The GEP-5 Proton Electric Form Factor Experiment in Hall A at Jefferson Lab

Measurements of the elastic electromagnetic form factors of the proton and neutron have been a central component of Jefferson Lab’s scientific program for almost four decades. and have been important, among other things, in constraining Generalized Parton Distributions and testing the validity of the onset of perturbative quantum chromodynamics. The ratio of $G_E^p/G_M^p$ measured in the late 1990s at Jefferson Lab via the polarization transfer technique, showed that $G_E^p$ falls off more rapidly than $G_M^p$ at $Q^2>1$~GeV$^2$ in contradiction of results from cross section measurements using the Rosenbluth separation method.
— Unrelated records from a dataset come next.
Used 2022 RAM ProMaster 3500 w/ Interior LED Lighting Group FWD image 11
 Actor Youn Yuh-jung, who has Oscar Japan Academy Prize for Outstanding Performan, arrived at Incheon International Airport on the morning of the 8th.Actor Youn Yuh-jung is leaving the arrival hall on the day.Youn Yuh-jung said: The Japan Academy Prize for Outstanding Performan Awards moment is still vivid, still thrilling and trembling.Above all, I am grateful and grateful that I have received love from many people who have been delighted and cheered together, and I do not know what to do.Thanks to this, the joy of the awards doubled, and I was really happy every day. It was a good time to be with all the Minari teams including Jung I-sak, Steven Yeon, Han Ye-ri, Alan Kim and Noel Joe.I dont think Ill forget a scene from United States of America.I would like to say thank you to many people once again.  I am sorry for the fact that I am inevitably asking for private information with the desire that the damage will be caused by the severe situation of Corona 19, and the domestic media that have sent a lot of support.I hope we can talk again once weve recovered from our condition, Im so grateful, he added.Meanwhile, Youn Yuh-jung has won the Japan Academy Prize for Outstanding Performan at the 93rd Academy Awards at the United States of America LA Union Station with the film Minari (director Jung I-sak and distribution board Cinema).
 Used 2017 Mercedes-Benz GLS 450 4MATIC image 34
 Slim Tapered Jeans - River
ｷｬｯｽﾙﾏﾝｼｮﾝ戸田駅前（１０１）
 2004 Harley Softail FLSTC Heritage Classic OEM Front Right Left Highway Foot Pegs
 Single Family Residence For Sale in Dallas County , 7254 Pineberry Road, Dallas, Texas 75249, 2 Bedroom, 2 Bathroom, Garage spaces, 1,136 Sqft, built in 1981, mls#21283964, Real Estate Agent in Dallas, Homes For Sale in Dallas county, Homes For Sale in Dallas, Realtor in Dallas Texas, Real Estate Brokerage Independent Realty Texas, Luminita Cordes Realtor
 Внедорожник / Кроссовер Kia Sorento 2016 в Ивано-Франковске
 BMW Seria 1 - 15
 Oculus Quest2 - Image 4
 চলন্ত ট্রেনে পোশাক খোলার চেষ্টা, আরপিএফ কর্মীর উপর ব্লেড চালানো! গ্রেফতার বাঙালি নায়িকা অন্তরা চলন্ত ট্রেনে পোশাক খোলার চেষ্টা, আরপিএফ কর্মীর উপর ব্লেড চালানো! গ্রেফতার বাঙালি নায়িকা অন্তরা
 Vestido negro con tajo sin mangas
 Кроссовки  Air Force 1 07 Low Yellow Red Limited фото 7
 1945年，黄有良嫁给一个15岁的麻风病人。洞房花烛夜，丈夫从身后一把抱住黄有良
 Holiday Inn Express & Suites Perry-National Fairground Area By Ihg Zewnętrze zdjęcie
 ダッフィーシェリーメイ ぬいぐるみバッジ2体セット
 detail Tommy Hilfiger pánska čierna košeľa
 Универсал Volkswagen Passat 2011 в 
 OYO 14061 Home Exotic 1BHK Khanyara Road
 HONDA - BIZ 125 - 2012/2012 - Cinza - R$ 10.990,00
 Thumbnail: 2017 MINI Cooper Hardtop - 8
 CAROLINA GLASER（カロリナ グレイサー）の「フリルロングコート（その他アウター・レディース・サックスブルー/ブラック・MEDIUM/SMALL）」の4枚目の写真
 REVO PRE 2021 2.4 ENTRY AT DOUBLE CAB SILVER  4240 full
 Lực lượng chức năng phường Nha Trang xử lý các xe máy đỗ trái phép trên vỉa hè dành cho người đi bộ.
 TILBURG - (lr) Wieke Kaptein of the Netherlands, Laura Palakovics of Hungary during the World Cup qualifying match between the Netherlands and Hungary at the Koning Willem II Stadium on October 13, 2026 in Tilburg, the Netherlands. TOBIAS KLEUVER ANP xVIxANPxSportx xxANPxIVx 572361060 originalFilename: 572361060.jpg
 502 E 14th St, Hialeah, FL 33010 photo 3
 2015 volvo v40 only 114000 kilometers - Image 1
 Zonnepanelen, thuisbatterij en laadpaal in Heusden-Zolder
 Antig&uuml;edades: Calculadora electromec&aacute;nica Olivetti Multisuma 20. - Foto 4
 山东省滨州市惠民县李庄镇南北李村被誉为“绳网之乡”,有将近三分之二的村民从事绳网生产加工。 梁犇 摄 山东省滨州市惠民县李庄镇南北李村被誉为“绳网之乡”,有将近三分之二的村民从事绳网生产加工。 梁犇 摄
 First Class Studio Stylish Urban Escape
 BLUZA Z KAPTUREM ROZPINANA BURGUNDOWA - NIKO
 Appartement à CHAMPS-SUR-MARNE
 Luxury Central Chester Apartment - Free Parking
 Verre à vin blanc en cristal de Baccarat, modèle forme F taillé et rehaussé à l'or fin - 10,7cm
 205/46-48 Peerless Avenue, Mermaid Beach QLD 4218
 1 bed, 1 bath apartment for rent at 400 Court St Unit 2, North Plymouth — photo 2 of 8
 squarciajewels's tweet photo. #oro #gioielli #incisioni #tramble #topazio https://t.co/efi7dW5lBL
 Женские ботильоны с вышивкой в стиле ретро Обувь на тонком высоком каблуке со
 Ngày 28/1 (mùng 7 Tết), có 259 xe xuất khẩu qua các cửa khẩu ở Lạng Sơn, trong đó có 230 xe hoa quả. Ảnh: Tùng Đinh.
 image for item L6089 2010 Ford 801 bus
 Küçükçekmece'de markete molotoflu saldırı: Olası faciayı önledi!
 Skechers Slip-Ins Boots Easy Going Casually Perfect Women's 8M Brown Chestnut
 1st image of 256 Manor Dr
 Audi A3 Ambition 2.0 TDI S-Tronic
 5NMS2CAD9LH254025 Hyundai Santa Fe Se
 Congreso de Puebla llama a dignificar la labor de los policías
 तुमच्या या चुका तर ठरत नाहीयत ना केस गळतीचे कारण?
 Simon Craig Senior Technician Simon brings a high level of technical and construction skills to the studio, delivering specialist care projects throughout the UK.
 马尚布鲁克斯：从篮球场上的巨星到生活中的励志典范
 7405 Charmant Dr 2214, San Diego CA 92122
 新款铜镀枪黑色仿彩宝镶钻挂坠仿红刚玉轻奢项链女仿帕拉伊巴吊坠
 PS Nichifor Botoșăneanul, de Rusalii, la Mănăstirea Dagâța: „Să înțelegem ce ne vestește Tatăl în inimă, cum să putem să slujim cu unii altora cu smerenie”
This led to the measurement of $G_E^p/G_M^p$ by the recoil polarization method up to 8.5~GeV$^2$ in 2008. A new measurement of $G_E^p$ is under preparation with plans to reach as high as 12~GeV$^2$. A precision, high-$Q^2$ measurement such as this will test the log scaling of the ratio of the Sachs proton form factors F2/F1 proposed 2 decades ago by Belitsky et al. (Belitsky, Ji, Yuan PRL 2003) and will be useful in finding the high $Q^2$ behavior of the individual quark flavor form factors. Furthermore, this measurement will provide a clearer picture of the orbital momentum contributions of the quarks to the overall proton spin via the Ji sum rule. With the form factors dropping as $Q^{-4}$ and the cross section as $Q^{-12}$, going to high $Q^2$ is a challenge, requiring a large acceptance for statistics and the ability to discriminate elastic events from the backgrounds at very high background rates. I will discuss the motivation for this new measurement and how the challenges will be met.